[Collection entries]
★ ★ ★ ★ ★
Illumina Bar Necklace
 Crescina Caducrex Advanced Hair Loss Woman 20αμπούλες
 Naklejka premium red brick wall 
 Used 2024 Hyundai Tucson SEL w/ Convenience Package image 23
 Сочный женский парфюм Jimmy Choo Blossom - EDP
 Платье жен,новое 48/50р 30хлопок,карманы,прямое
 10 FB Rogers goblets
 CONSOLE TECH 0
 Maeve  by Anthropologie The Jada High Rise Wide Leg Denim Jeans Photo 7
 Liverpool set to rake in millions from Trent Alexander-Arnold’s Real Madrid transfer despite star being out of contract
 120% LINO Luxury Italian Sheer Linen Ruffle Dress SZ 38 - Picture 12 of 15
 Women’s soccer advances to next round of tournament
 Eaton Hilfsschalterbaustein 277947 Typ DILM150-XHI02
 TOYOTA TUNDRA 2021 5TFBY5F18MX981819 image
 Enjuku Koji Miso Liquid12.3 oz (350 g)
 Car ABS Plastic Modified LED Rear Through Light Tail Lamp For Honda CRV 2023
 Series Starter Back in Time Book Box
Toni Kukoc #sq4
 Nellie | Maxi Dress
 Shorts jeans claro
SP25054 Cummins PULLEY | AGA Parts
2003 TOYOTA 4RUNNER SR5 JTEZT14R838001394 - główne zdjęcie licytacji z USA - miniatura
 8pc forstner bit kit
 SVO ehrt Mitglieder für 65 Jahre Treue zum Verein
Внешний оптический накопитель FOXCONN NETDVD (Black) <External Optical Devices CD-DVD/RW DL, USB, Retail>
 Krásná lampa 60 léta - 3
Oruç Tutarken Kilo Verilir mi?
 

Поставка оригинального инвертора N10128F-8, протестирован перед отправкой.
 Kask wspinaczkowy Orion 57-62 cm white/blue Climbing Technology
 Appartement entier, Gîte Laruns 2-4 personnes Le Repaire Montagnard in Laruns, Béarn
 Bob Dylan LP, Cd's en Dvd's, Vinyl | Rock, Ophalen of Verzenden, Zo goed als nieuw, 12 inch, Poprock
★ ★ ★ ★ ★
__Assigned task__
Word for word, output the records that appear above.

__Answer section__
Illumina Bar Necklace
 Crescina Caducrex Advanced Hair Loss Woman 20αμπούλες
 Naklejka premium red brick wall 
 Used 2024 Hyundai Tucson SEL w/ Convenience Package image 23
 Сочный женский парфюм Jimmy Choo Blossom - EDP
 Платье жен,новое 48/50р 30хлопок,карманы,прямое
 10 FB Rogers goblets
 CONSOLE TECH 0
 Maeve  by Anthropologie The Jada High Rise Wide Leg Denim Jeans Photo 7
 Liverpool set to rake in millions from Trent Alexander-Arnold’s Real Madrid transfer despite star being out of contract
 120% LINO Luxury Italian Sheer Linen Ruffle Dress SZ 38 - Picture 12 of 15
 Women’s soccer advances to next round of tournament
 Eaton Hilfsschalterbaustein 277947 Typ DILM150-XHI02
 TOYOTA TUNDRA 2021 5TFBY5F18MX981819 image
 Enjuku Koji Miso Liquid12.3 oz (350 g)
 Car ABS Plastic Modified LED Rear Through Light Tail Lamp For Honda CRV 2023
 Series Starter Back in Time Book Box
Toni Kukoc #sq4
 Nellie | Maxi Dress
 Shorts jeans claro
SP25054 Cummins PULLEY | AGA Parts
2003 TOYOTA 4RUNNER SR5 JTEZT14R838001394 - główne zdjęcie licytacji z USA - miniatura
 8pc forstner bit kit
 SVO ehrt Mitglieder für 65 Jahre Treue zum Verein
Внешний оптический накопитель FOXCONN NETDVD (Black) <External Optical Devices CD-DVD/RW DL, USB, Retail>
 Krásná lampa 60 léta - 3
Oruç Tutarken Kilo Verilir mi?
 

Поставка оригинального инвертора N10128F-8, протестирован перед отправкой.
 Kask wspinaczkowy Orion 57-62 cm white/blue Climbing Technology
 Appartement entier, Gîte Laruns 2-4 personnes Le Repaire Montagnard in Laruns, Béarn
 Bob Dylan LP, Cd's en Dvd's, Vinyl | Rock, Ophalen of Verzenden, Zo goed als nieuw, 12 inch, Poprock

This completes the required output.